Data shown:

□ □ □ □

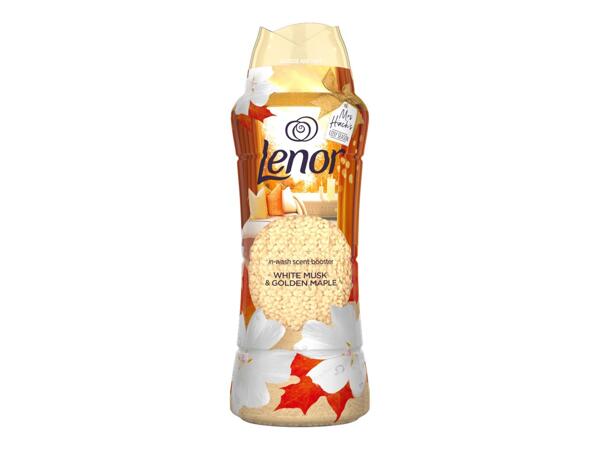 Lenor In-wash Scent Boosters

□ □ □ □

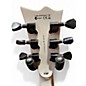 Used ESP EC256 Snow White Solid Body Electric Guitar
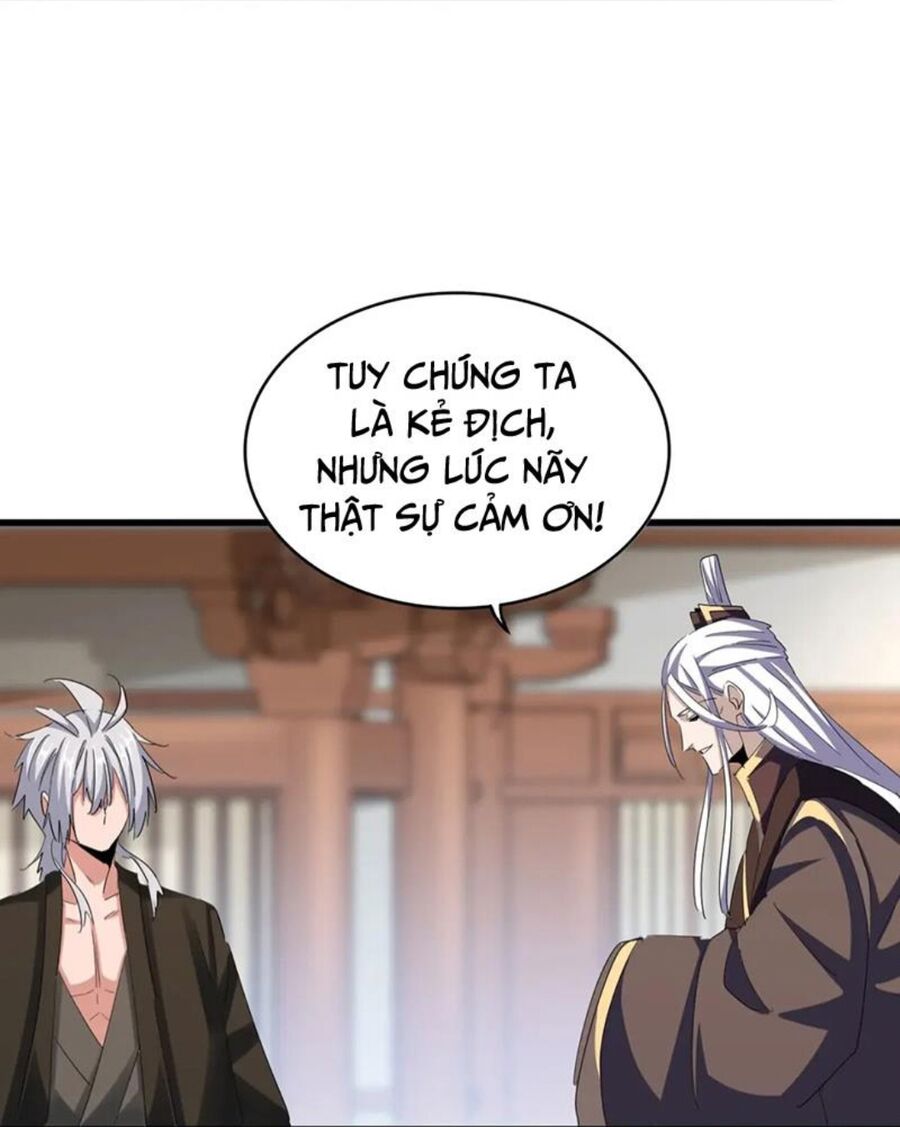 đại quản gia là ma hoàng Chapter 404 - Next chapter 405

□ □ □ □

Activity:
In the material above, one part opens with the line containing "Used ESP EC256" and closes with the line containing "đại quản gia". Write out that part exactly and skip its pictures.

Solution:
 Used ESP EC256 Snow White Solid Body Electric Guitar
 đại quản gia là ma hoàng Chapter 404 - Next chapter 405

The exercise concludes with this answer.